▶ Task statement: In your answer, transcribe all of the data exactly.

▶ Supplied material:
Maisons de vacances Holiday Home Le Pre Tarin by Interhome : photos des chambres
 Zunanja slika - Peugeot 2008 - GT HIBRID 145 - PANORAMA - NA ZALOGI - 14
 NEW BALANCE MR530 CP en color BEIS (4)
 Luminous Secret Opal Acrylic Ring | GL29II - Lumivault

▶ Final answer:
Maisons de vacances Holiday Home Le Pre Tarin by Interhome : photos des chambres
 Zunanja slika - Peugeot 2008 - GT HIBRID 145 - PANORAMA - NA ZALOGI - 14
 NEW BALANCE MR530 CP en color BEIS (4)
 Luminous Secret Opal Acrylic Ring | GL29II - Lumivault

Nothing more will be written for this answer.